Raccontando se stesso per gli altri Bazzi stravolge i paradigmi autobiografici, non ci parla di carne morta ma di viva genuinità, di coraggio che si fa portatore di testimonianza cartacea oltre che orale, riscoprire gli affetti, difendere le tradizioni e le superstizioni anche nelle loro fragilità, diverrà quasi una missione. Febbre racconta di dolori, disillusioni e di continui fallimenti, ma anche della speranza di avere la forza necessaria per mostrarsi senza filtri e al riparo da compromessi di qualsiasi natura, scardinando le gabbie sociali che impongono regole composte da ansia e auto-sabotaggi di vario tipo, affrontando relazioni e malattie in modo lucido, quasi brutale, provando a farsi largo strappati alla normalità, ma non alla vita e ai suoi lettori, il vero senso delle nostre storie, e quindi pure di Jonathan.
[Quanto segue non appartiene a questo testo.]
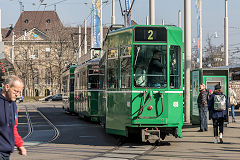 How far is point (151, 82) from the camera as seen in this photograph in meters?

Recensione inviata da Gianluca Ceccato
Edito da Fandango Libri nel 2019 • Pagine: 328 • Compra su Amazon
Jonathan ha 31 anni nel 2016, un giorno qualsiasi di gennaio gli viene la febbre e non va più via, una febbretta, costante, spossante, che lo ghiaccia quando esce, lo fa sudare di notte quasi nelle vene avesse acqua invece che sangue. Aspetta un mese, due, cerca di capire, fa analisi, ha pronta grazie alla rete un'infinità di autodiagnosi, pensa di avere una malattia incurabile, mortale, pensa di essere all'ultimo stadio. La sua paranoia continua fino al giorno in cui non arriva il test dell'HIV e la realtà si rivela: Jonathan è sieropositivo, non sta morendo, quasi è sollevato. A partire dal d-day che ha cambiato la sua vita con una diagnosi definitiva, l'autore ci accompagna indietro nel tempo, all'origine della sua storia, nella periferia in cui è cresciuto, Rozzano - o Rozzangeles il Bronx del Sud (di Milano), la terra di origine dei rapper, di Fedez e di Mahmood, il paese dei tossici, degli operai, delle famiglie venute dal Sud per lavori da poveri, dei tamarri, dei delinquenti, della gente seguita dagli assistenti sociali, dove le case sono alveari e gli affitti sono bassi, dove si parla un pidgin di milanese, siciliano e napoletano. Dai cui confini nessuno esce mai, nessuno studia, al massimo si fanno figli, si spaccia, si fa qualche furto e nel peggiore dei casi si muore. Figlio di genitori ragazzini che presto si separano, allevato da due coppie di nonni, cerca la sua personale via di salvezza e di riscatto, dalla predestinazione della periferia, dalla balbuzie, da tutte le cose sbagliate che incarna (colto, emotivo, omosessuale, ironico) e che lo rendono diverso.